Portrait von Dr. Eberhard Fahrbach, Expeditionsleiter auf der Polarstern und wissenschaftlicher Koordinator des Forschungsschiffes

Er liebt die Stürme und brausende Wogen. Dr. Eberhard Fahrbach ist ein wahrer Seebär, der schon viele Meere gesehen hat. Mehr als zwei Jahrzehnte trotzt er eiskalten Winden, um die Ozeane der Polarregionen zu erforschen. Dabei wurde ihm ein Schiff zur zweiten Heimat: die Polarstern. Seit vier Jahren koordiniert der passionierte Meeresforscher die wissenschaftlichen Expeditionen des deutschen Forschungsschiffes. Darüber hinaus ist er Sektionsleiter der messenden Ozeanographie am Alfred-Wegener-Institut für Polar- und Meeresforschung.

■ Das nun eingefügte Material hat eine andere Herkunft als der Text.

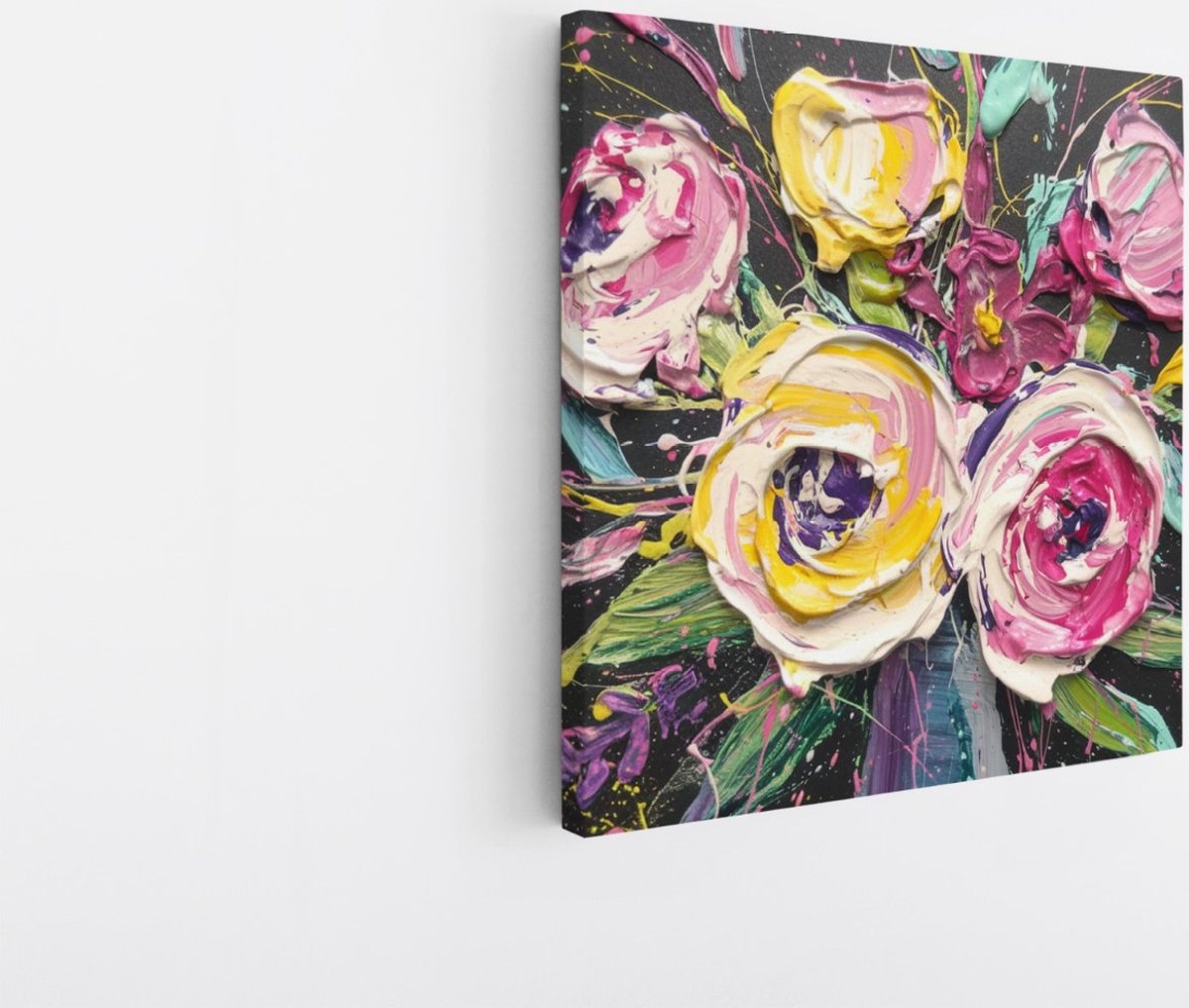 Saammp Canvas Schilderij - Expressieve Bloemen Schilderij - Natuur - Abstract - 30x30 - Foto op canvas - Wanddecoratie - Muurdecoratie Woonkamer - Kantoor Decoratie Multicolor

Eberhard Fahrbach im Portrait

Der geborene Stuttgarter entdeckte bereits als Kind seine Begeisterung für die Natur. Ihn interessierte vor allem ihre Vielfalt. Als Junge fragt er sich, welche Vögel und Pflanzen in seiner Umwelt leben oder woher eigentlich Versteinerungen kommen. „Damals wollte ich noch Förster werden“, erinnert sich Fahrbach. In seiner Jugend überwog dann seine Faszination für die Lösung technischer Probleme, so dass er zunächst Physik, Mathematik und Chemie an der Universität Heidelberg studierte. Da ihn die Meereswissenschaften bald mehr reizten als Elementarteilchenforschung, wechselte er nach dem Vordiplom in Physik 1970 an die Universität Kiel, um dort Ozeanographie, Meteorologie und Geophysik zu studieren. Er verbrachte ein Semester seines Ozeanographiestudiums in Frankreich, das er 1974 mit einer Diplomarbeit über interne Gezeitenwellen am Kontinentalrand vor Sierra Leone abschloss. Mit seiner anschließenden Arbeit am Institut für Meereskunde in Kiel wuchs sein Interesse an den Geowissenschaften. Während seiner Doktorandenzeit erweiterte er seine Fächerkombination auf die Geologie und wurde 1983 an der Universität Kiel promoviert.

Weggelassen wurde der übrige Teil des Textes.